B. Transition écologique et évaluation environnementale

En dépit du régime dérogatoire, les projets doivent respecter la loi n° 2021-1104 du 22 août 2021 de lutte contre le dérèglement climatique et faire l’objet d’une évaluation environnementale au sens de l’article L. 122-1 du Code de l’environnement. Le Conseil d’État veille au respect du principe de proportionnalité dans l’octroi des dérogations, comme en a témoigné la décision  Centrale de Provence (« Centrale biomasse de Provence ») du 27 mars 2023 (n° 450135).


IV. Enjeux fondamentaux



A. Souveraineté industrielle et protection des technologies

Le décret n° 2019-1590 du 31 décembre 2019 renforce le contrôle des investissements étrangers dans le secteur de la défense, tandis que le règlement (UE) 2021/821 du 20 mai 2021 fixe un cadre pour les biens à double usage. La présence de groupes européens tels que KNDS à Bourges traduit l’enjeu d’harmonisation des régimes nationaux au sein d’un marché européen de l’armement.


B. Droit du travail et ressources humaines

Les articles R. 2311-1 et suivants du Code de la défense imposent des habilitations de sécurité, dont doivent tenir compte les industriels de l'armement. Par ailleurs, pour accompagner les besoins de main d'oeuvre diverses formules peuvent être étudiées comme le recours aux contrats de professionnalisation (articles L. 6325-1 et suivants du Code du travail) qui permet de pallier les tensions sur le marché de l’emploi. Enfin, les clauses de non-concurrence et de non-débauchage, fréquemment insérées dans les contrats de travail des personnels de l'industrie de l'armement, requièrent un équilibre rigoureux entre sécurité des approvisionnements et libertés professionnelles.

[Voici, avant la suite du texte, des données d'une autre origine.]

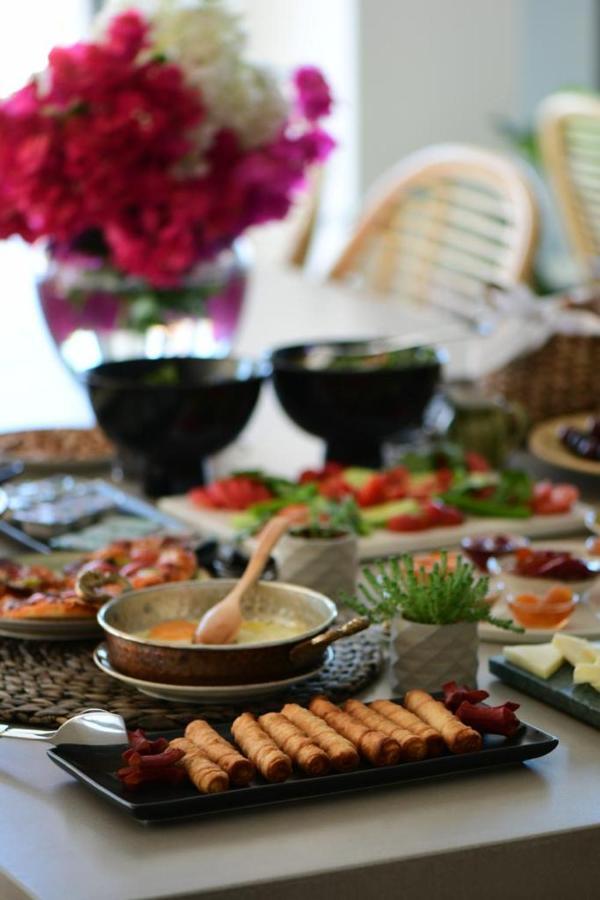 Carruba Boutique Hotel Kas Bagian luar foto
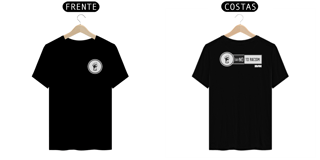 Say no to Racismo - Preta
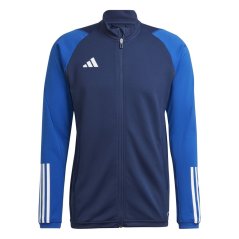 adidas Tiro23 C Tr Jkt Tracksuit Top Mens Team Navy Blue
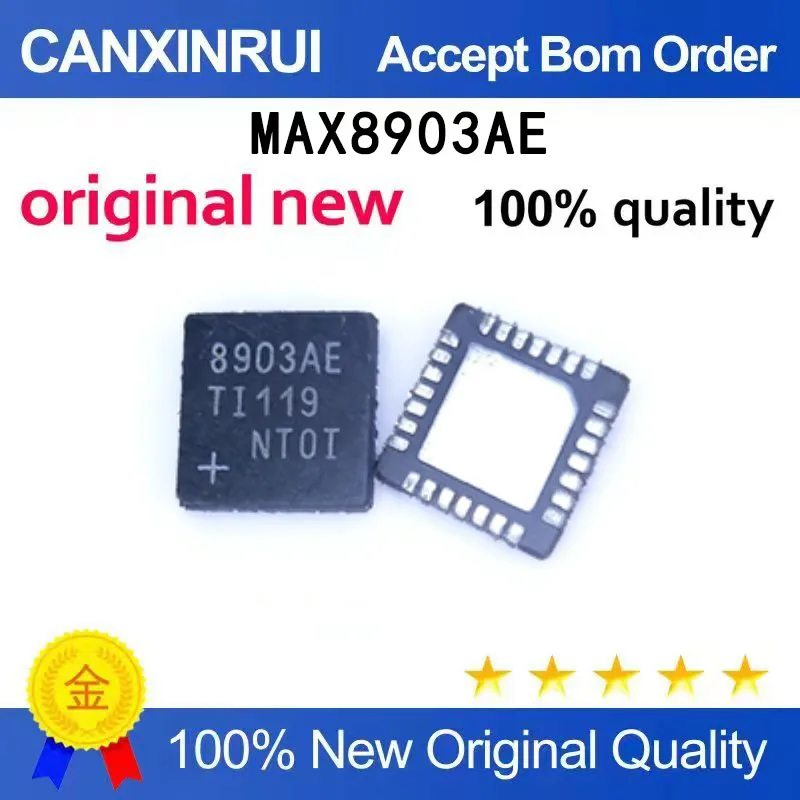 (5-100 pieces)New stock MAX8903AE MAX8903AETI+8903AE QFN28
(5-100 pieces)New stock MAX8903AE MAX8903AETI+8903AE QFN28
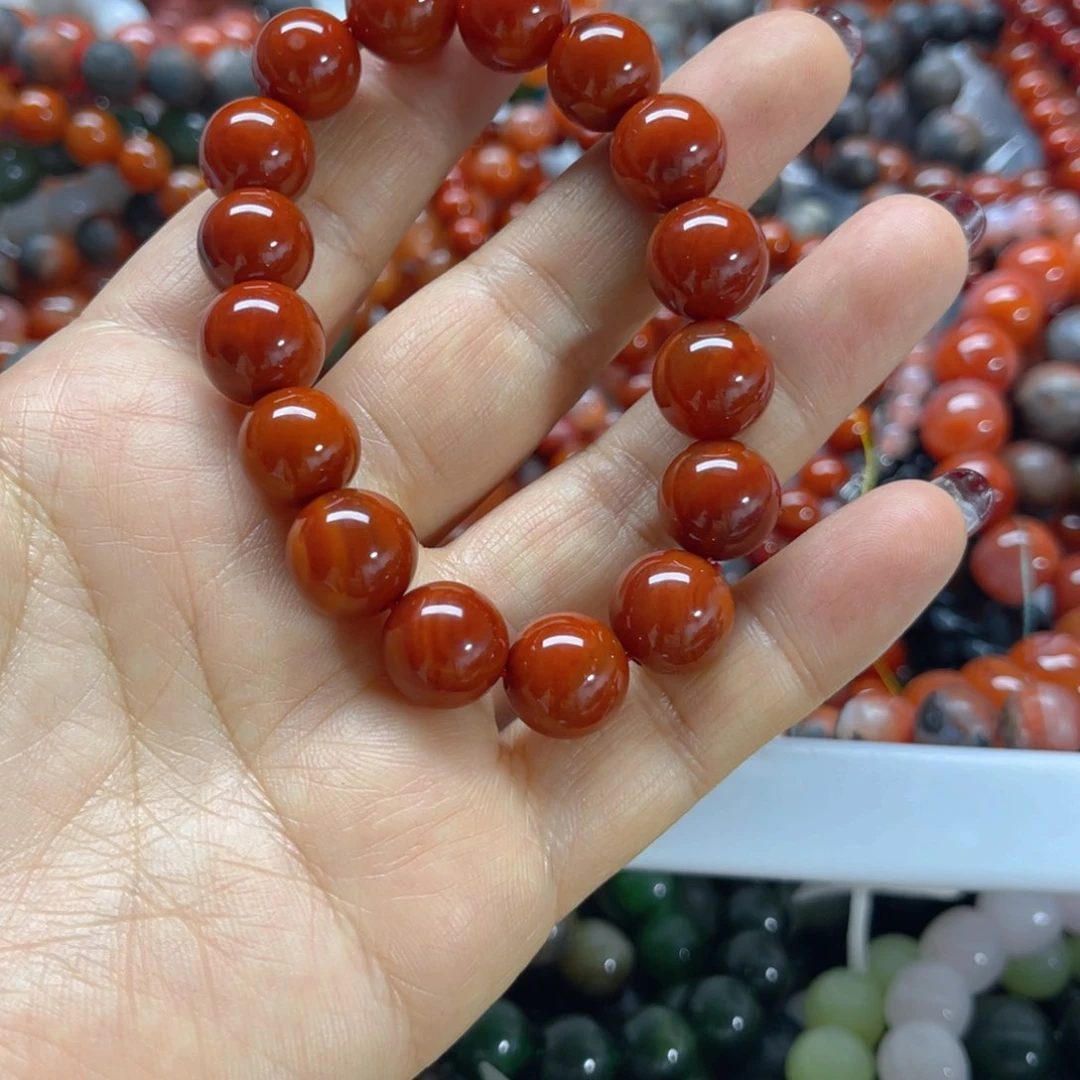 未镶嵌手链玛瑙/玉髓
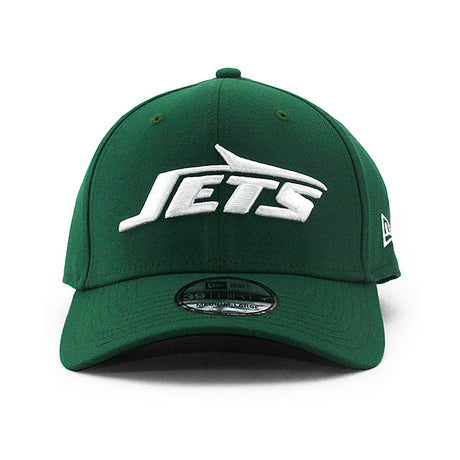 ニューエラ キャップ 39THIRTY ニューヨーク ジェッツ 2024 NFL TEAM CLASSIC FLEX FIT CAP GREEN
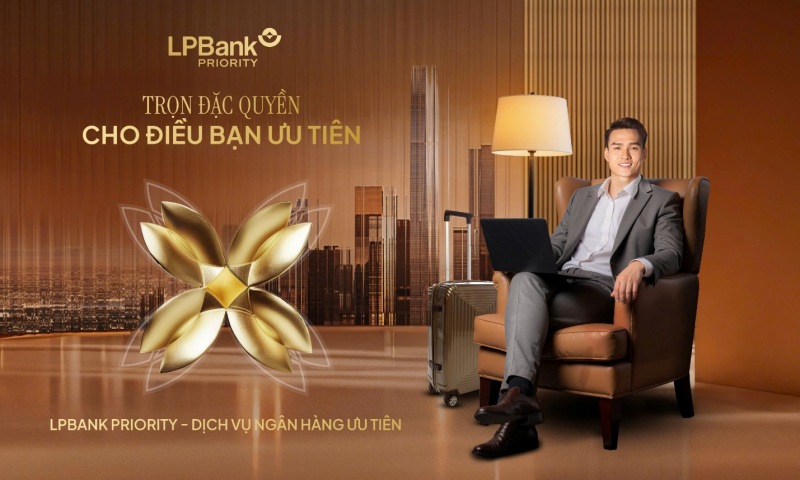 Ngân hàng Lộc Phát ra mắt thương hiệu LPBank Priority và thẻ LPBank Visa Signature -0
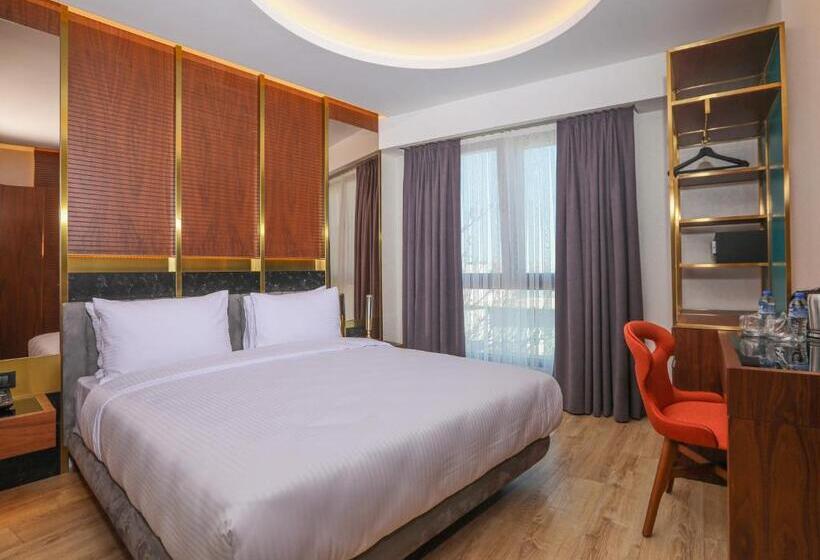 سوییت دوبلکس, Henna Hotel Istanbul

V. Pistes de solutions juridiques


A. Adaptation du cadre contractuel

Il pourrait être envisageable de formaliser un régime spécifique de contrats de défense à haute intensité, assorti de mécanismes d’ajustement automatique des cadences et des prix, et de prévoir une sécurisation renforcée des droits des sous-traitants inspirée de la loi n° 75-1334 du 31 décembre 1975 relative à la sous-traitance.


B. Simplification des procédures de recrutement

La réforme des procédures d’habilitation et la création d’un statut spécifique pour les salariés de la défense contribueraient à réduire les délais de mise à disposition de personnels qualifiés.


C. Gouvernance territoriale et évaluation environnementale

L’institution de « territoires de défense stratégique » par décret relevant d'une opération d'intérêt national (article L. 102-12 du Code de l’urbanisme) et la signature de contrats tripartites État-collectivités-industriels, calqués sur les contrats de relance et de transition écologique (CRTE), faciliteraient la coordination locale. Par ailleurs, des procédures environnementales accélérées, tout en maintenant le niveau d’exigence, seraient de nature à concilier développement industriel et préservation écologique.


Conclusion

La réindustrialisation de la défense à Bourges illustre l’exigence d’un droit de l’économie de défense à haute intensité capable d’articuler impératifs stratégiques, contraintes juridiques et objectifs de durabilité territoriale. L’horizon européen, via une coopération renforcée, semble constituer le cadre approprié pour construire les instruments juridiques et institutionnels aptes à soutenir durablement cette dynamique.